Copy the material below verbatim from the line with "科隆一公交车起火致一未成年人死亡." to the line with "Có một ngôi", both lines included, omitting pictures and every line outside that range.

▶ _DATA PROVIDED_
----

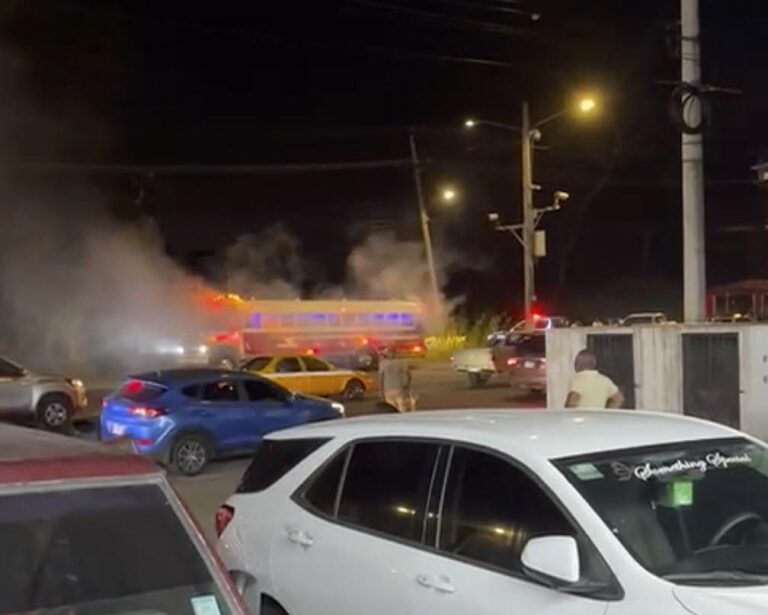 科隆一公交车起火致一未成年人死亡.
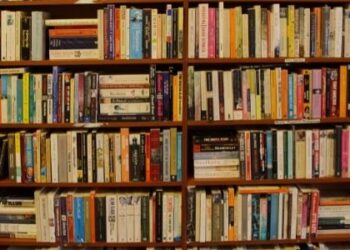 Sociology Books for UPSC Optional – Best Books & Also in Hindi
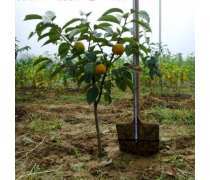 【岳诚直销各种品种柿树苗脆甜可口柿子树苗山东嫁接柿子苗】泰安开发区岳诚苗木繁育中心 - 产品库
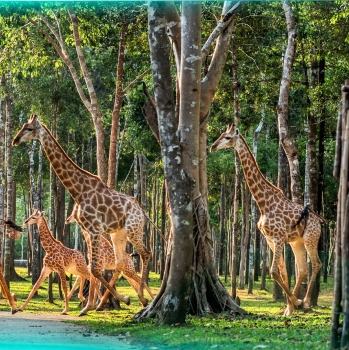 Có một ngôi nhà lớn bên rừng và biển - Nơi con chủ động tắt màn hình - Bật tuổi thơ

----

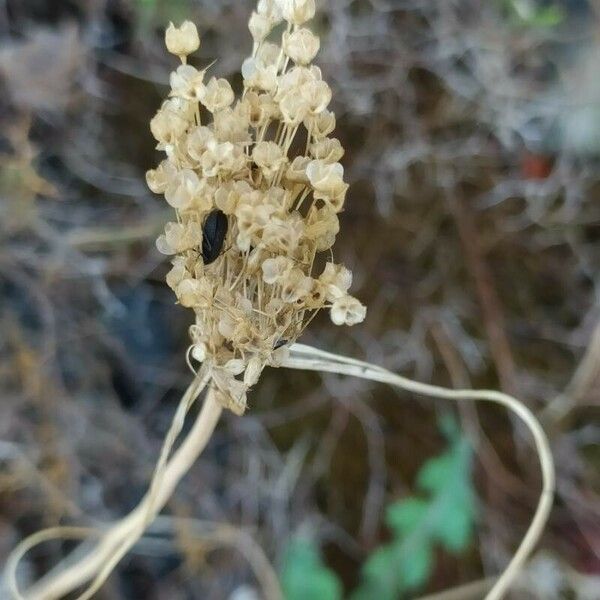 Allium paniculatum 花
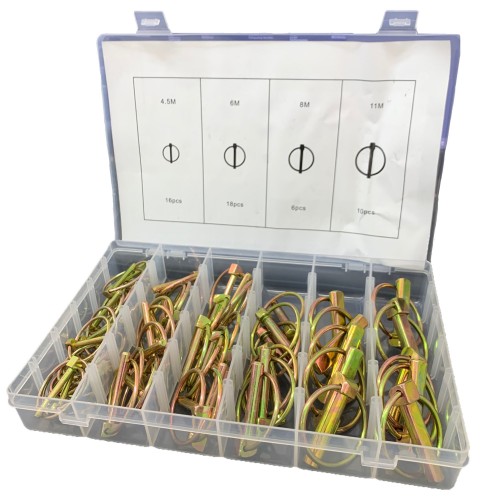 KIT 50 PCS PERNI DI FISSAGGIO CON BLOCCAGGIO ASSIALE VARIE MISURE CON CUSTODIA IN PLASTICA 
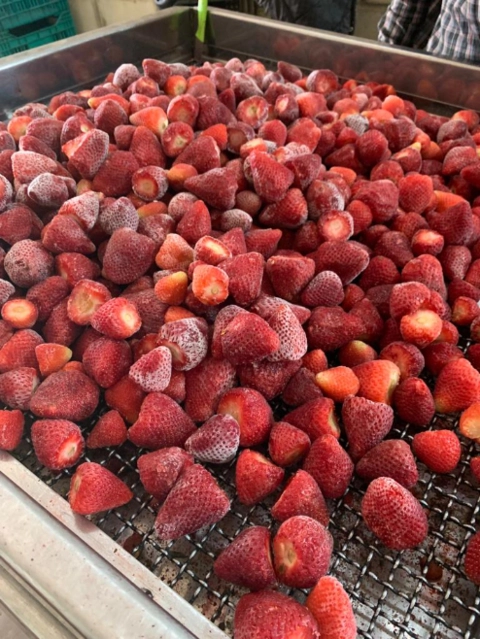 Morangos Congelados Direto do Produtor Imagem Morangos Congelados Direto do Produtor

----

▶ _TASK SOLUTION_
 科隆一公交车起火致一未成年人死亡.
 Sociology Books for UPSC Optional – Best Books & Also in Hindi
 【岳诚直销各种品种柿树苗脆甜可口柿子树苗山东嫁接柿子苗】泰安开发区岳诚苗木繁育中心 - 产品库
 Có một ngôi nhà lớn bên rừng và biển - Nơi con chủ động tắt màn hình - Bật tuổi thơ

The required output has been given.